Additionally, since Window 10, all critical modules are sandboxed, and running under hypervisor control when hardware support is present.

https://www.microsoft.com/security/blog/2020/07/08/introduci...

This is something that Windows 11 requires, secure kernel hardware requirements aren't optional.

Calling it a marketing exercise only reveals a lack of understanding about the subject, and possibly some bias as well.


> Calling it a marketing exercise only reveals a lack of understanding about the subject, and possibly some bias as well.

Definitely my case.


> I wonder if the Linux kernel will take cues from these developments and start shoving auxiliary device drivers into userspace?

So far, you can write drivers for USB devices (https://libusb.info/), simple I/O devices (https://www.kernel.org/doc/html/v5.14/driver-api/uio-howto.h...), and filesystems (FUSE) in userspace.
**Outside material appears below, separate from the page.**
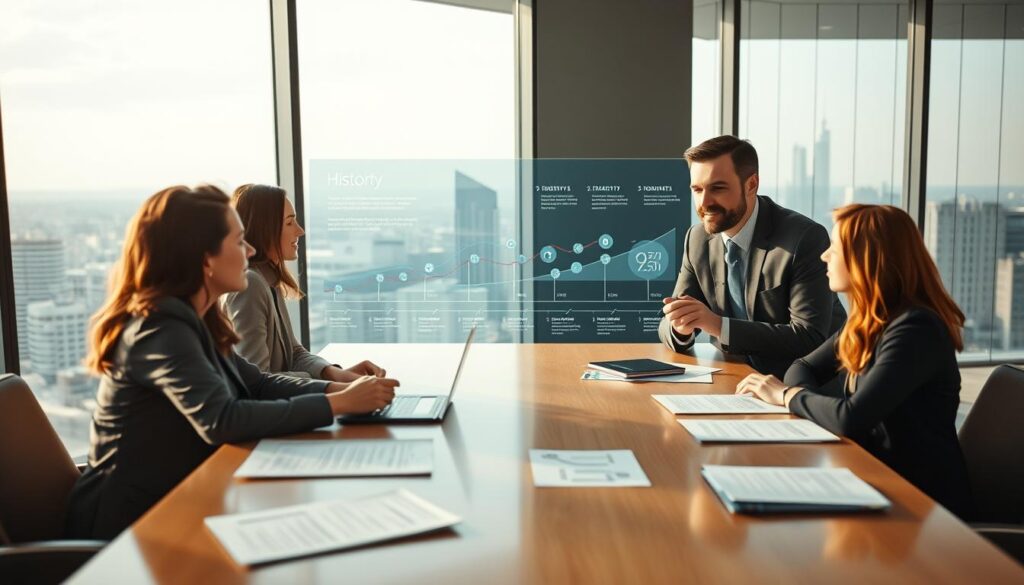 A detailed and engaging visual representation of a company's history and development, featuring a professional business meeting in a modern office. In the foreground, a diverse group of three business professionals engaged in discussion, all dressed in formal business attire – two women and one man, with papers and digital devices spread on the table. The middle ground showcases a large, transparent screen displaying a timeline of the company's milestones, with graphics illustrating growth and innovation. The background reveals a panoramic cityscape through large glass windows, under soft, warm lighting that creates a welcoming atmosphere. The shot is captured with a Sony A7R IV at 70mm, clearly focused and sharply defined, utilizing a polarized filter to enhance clarity and vibrancy in the scene.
There are probably more, but those are the ones I know about off the top of my head.


You can do also most of networking in userspace using XDP/AF-XDP (https://www.kernel.org/doc/html/latest/networking/af_xdp.htm...). The driver will only forward raw IP packets to userspace and everything else (like e.g. a TCP stack) resides there.


Does that cause a ctx switch or any other overhead? What is the real world performance like relative to in-kernel networking?


It basically provides all packets in memory mapped space directly to userspace, and the NIC can populate that memory. There’s no context Switches involved unless you want them (eg wait for packets to arrive).

The performance really depends on your application. There’s a lot in the kernel network stack (eg iptables/nftables) that not every application needs and that might be costly. But then again for usual TCP based applications with larger dataflows the kernel path is also already decently optimized with hardware offloads - and running userspace networking stacks comes with its own issues.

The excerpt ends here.